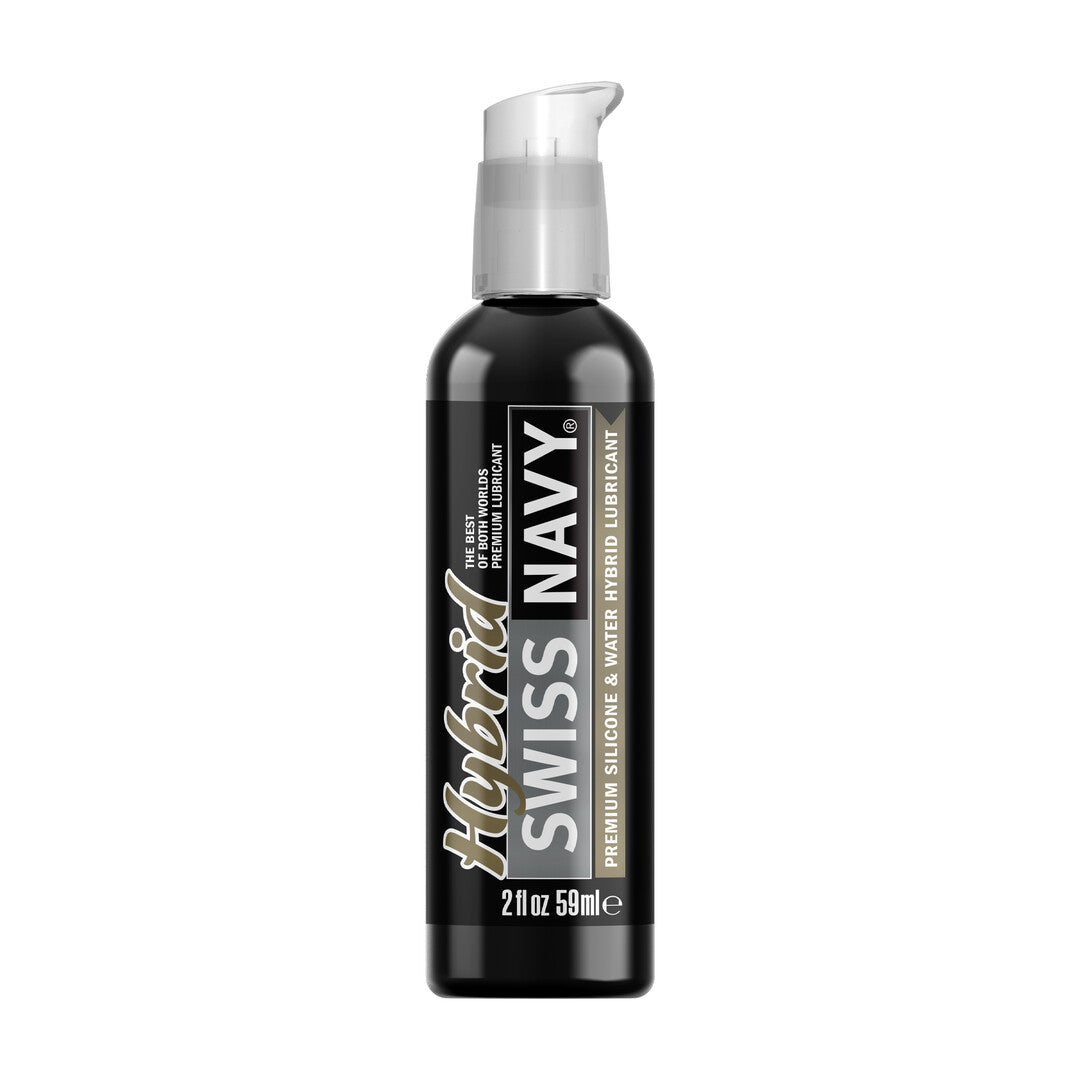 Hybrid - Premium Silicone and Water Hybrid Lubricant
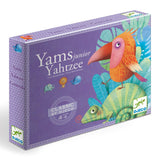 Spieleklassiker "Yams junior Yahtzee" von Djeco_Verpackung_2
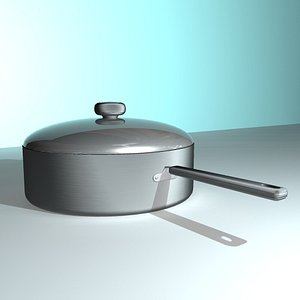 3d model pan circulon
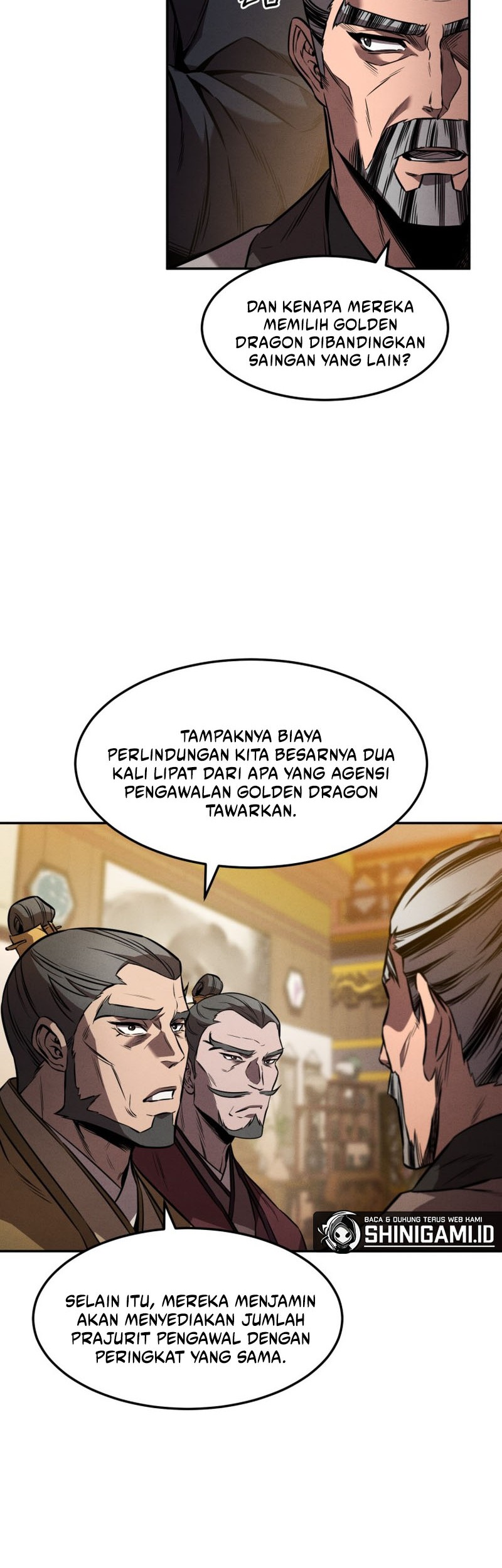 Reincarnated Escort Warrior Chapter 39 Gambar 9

▶ [EXERCISE DETAILS] Exclude the pictures and give back the rest of the data above exactly as written.

▶ [TASK RESPONSE]
 Hybrid - Premium Silicone and Water Hybrid Lubricant
 Spieleklassiker "Yams junior Yahtzee" von Djeco_Verpackung_2
 3d model pan circulon
 Reincarnated Escort Warrior Chapter 39 Gambar 9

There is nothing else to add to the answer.